## EXERCISE DETAILS
Leaving the pictures aside, repeat every line below exactly.

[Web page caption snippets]
::::::::

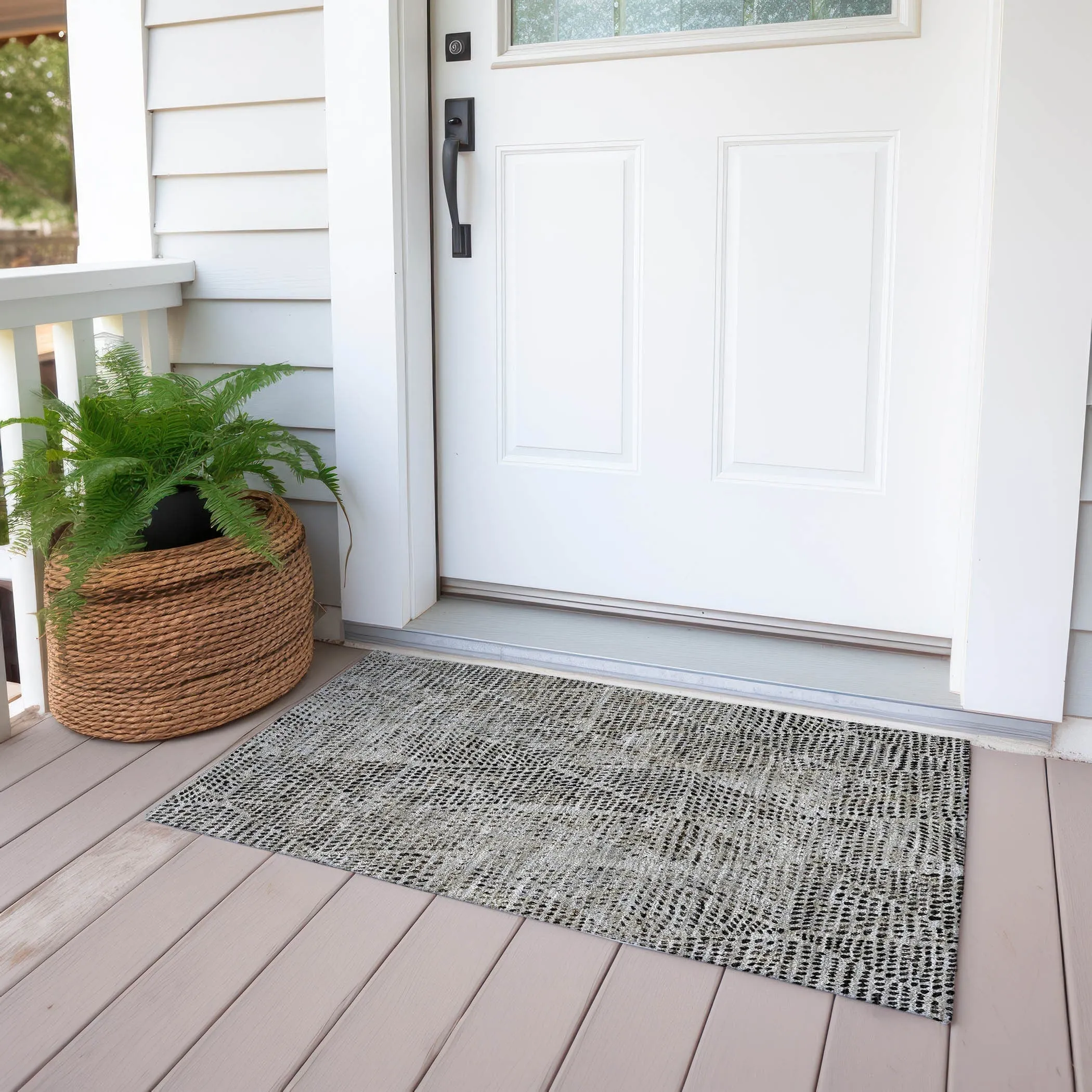 Machine Washable Indoor/ Outdoor Chantille Modern Diamonds Rug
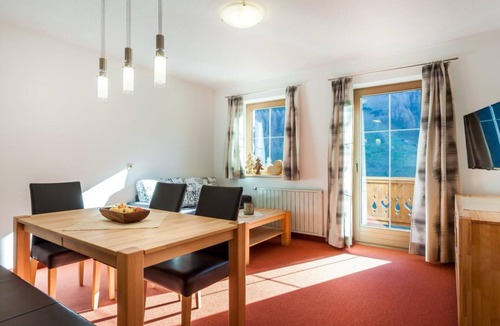 Tux Apartment | House Windegg, vacation apartment in Hintertux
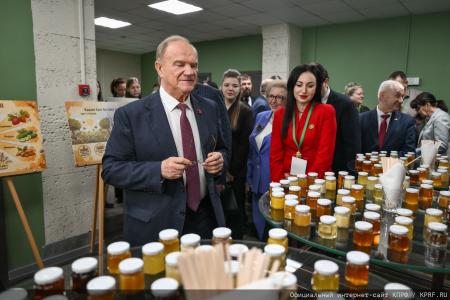 "Пчела и человек". Г.А. Зюганов принял участие в конгрессе пчеловодов в Москве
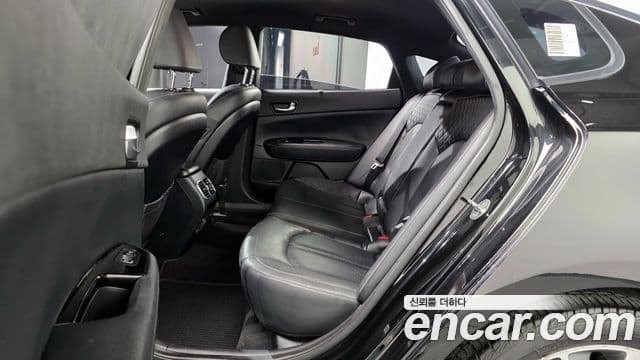 Kia K5 2세대 Signature, 2018 12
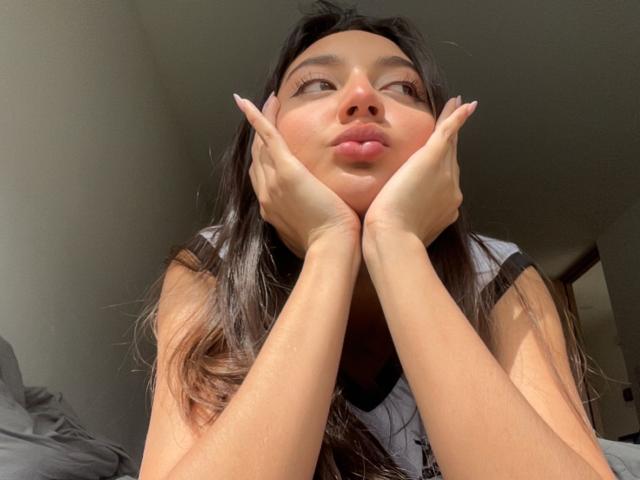 DianaFernandezz - Live Sex Cam - 21445282
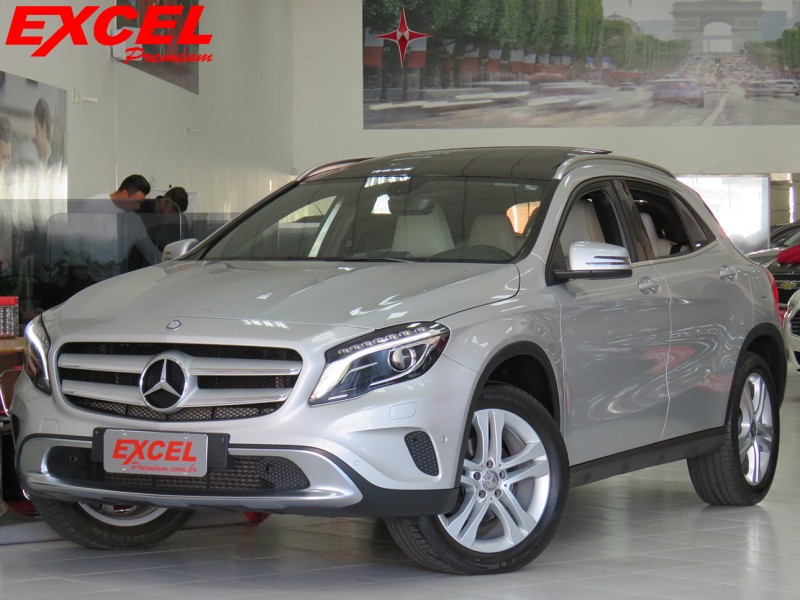MERCEDES-BENZ GLA 200 1.6 CGI VISION 16V TURBO FLEX 4P AUTOMÁTICO MERCEDES-BENZ GLA 200 1.6 CGI VISION 16V TURBO FLEX 4P AUTOMÁTICO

::::::::

## ANSWER TO THE PROBLEM
 Machine Washable Indoor/ Outdoor Chantille Modern Diamonds Rug
 Tux Apartment | House Windegg, vacation apartment in Hintertux
 "Пчела и человек". Г.А. Зюганов принял участие в конгрессе пчеловодов в Москве
 Kia K5 2세대 Signature, 2018 12
 DianaFernandezz - Live Sex Cam - 21445282
MERCEDES-BENZ GLA 200 1.6 CGI VISION 16V TURBO FLEX 4P AUTOMÁTICO MERCEDES-BENZ GLA 200 1.6 CGI VISION 16V TURBO FLEX 4P AUTOMÁTICO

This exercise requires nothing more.